GIVEN INFORMATION:
----
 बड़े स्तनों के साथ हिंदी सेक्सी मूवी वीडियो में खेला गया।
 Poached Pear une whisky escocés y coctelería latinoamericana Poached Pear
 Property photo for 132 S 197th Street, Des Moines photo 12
----
WORK TO BE COMPLETED: Return the data above in full, keeping each line exactly as it stands.

PROBLEM SOLUTION:
 बड़े स्तनों के साथ हिंदी सेक्सी मूवी वीडियो में खेला गया।
 Poached Pear une whisky escocés y coctelería latinoamericana Poached Pear
 Property photo for 132 S 197th Street, Des Moines photo 12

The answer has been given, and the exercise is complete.